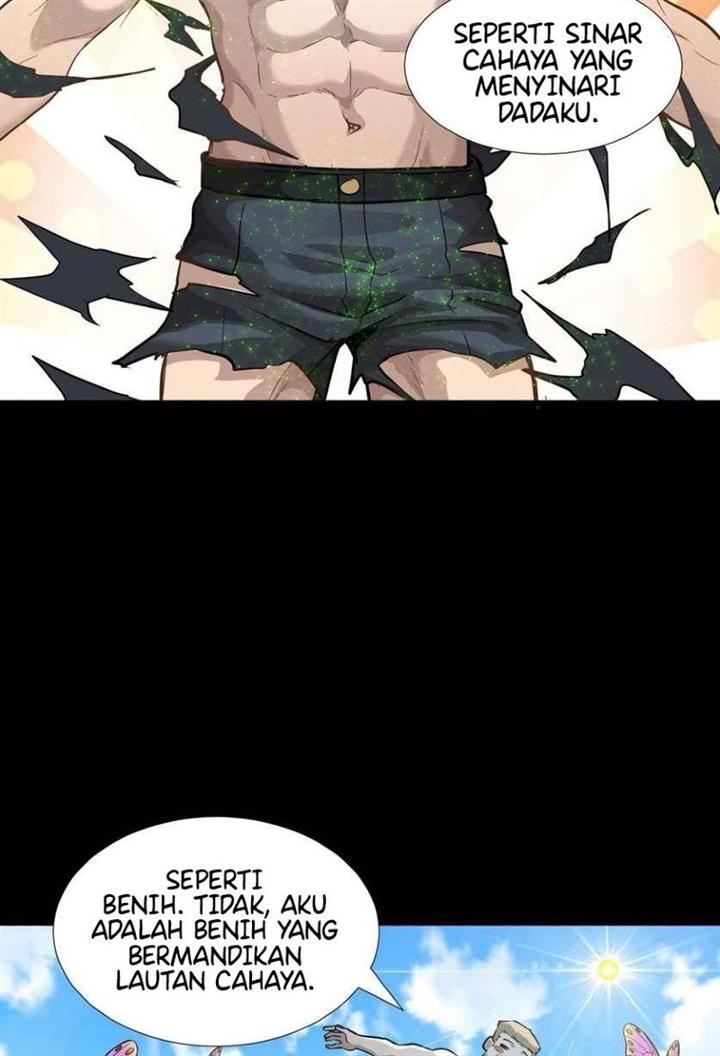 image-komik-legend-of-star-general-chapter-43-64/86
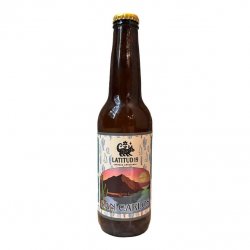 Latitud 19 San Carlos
* * *
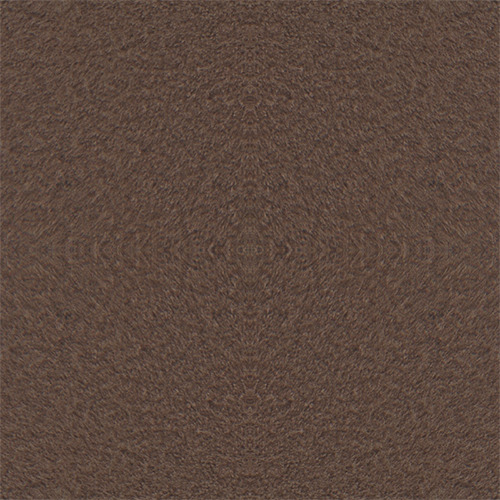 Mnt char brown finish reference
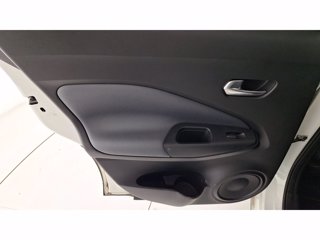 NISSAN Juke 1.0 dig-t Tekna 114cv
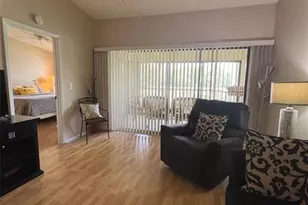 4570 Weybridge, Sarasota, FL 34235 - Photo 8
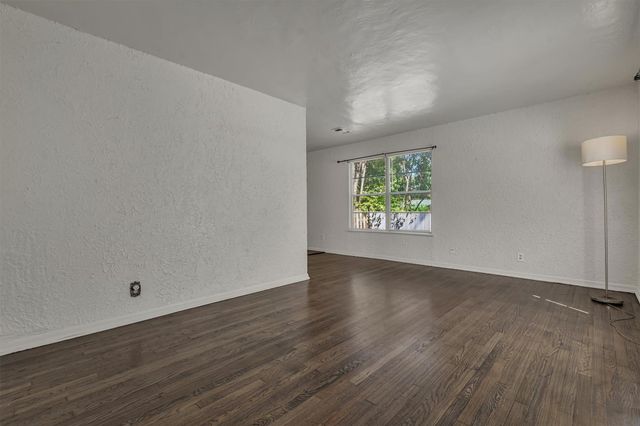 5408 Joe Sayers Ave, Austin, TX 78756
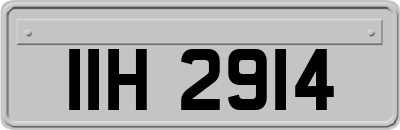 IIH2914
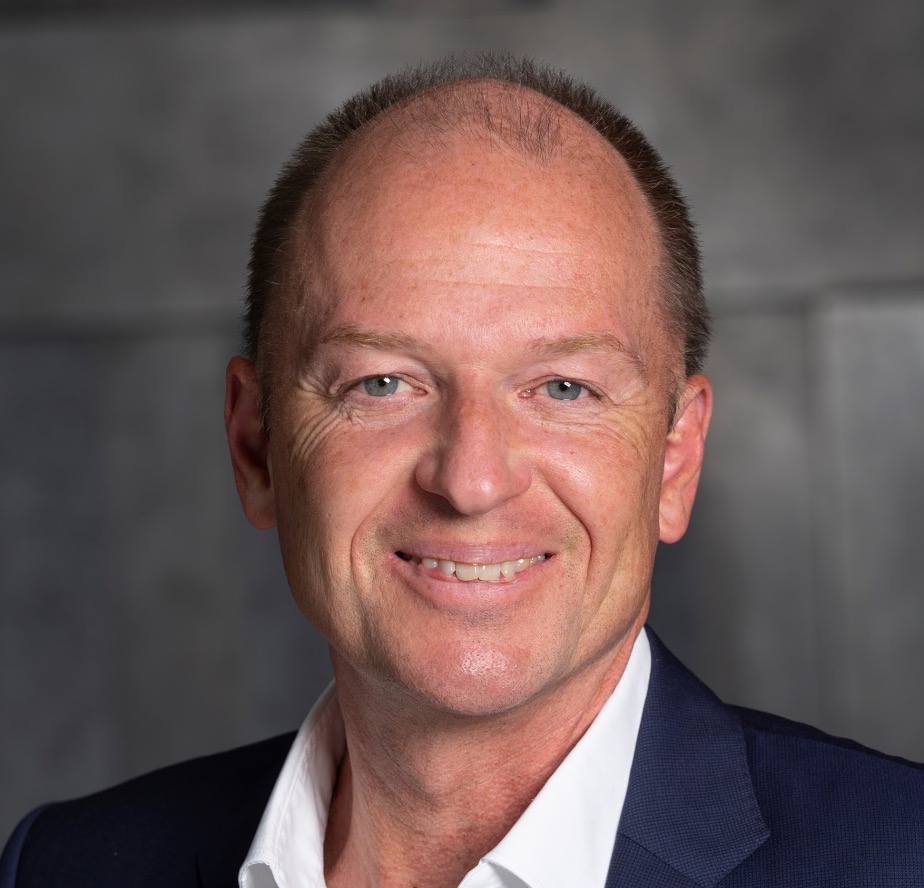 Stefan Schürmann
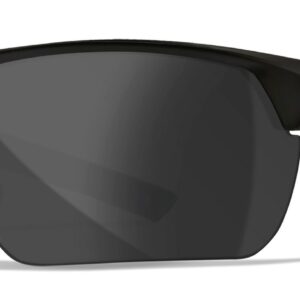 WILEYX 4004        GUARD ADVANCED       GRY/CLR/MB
--
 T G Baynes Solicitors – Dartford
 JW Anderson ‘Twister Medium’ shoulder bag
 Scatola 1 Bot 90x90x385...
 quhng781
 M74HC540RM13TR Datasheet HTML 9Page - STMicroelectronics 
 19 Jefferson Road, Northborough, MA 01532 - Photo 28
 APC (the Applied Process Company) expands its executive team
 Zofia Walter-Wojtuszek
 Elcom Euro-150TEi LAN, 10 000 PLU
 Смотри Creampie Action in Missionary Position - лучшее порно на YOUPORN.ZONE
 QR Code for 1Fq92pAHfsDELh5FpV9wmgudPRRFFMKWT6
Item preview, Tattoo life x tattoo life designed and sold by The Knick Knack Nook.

TASK PROMPT
Everything from the line with "Zofia Walter-Wojtuszek" through the line with "Item preview, Tattoo" should be written out exactly as it appears above, end lines included, and nothing outside that range.

FINAL ANSWER
 Zofia Walter-Wojtuszek
 Elcom Euro-150TEi LAN, 10 000 PLU
 Смотри Creampie Action in Missionary Position - лучшее порно на YOUPORN.ZONE
 QR Code for 1Fq92pAHfsDELh5FpV9wmgudPRRFFMKWT6
Item preview, Tattoo life x tattoo life designed and sold by The Knick Knack Nook.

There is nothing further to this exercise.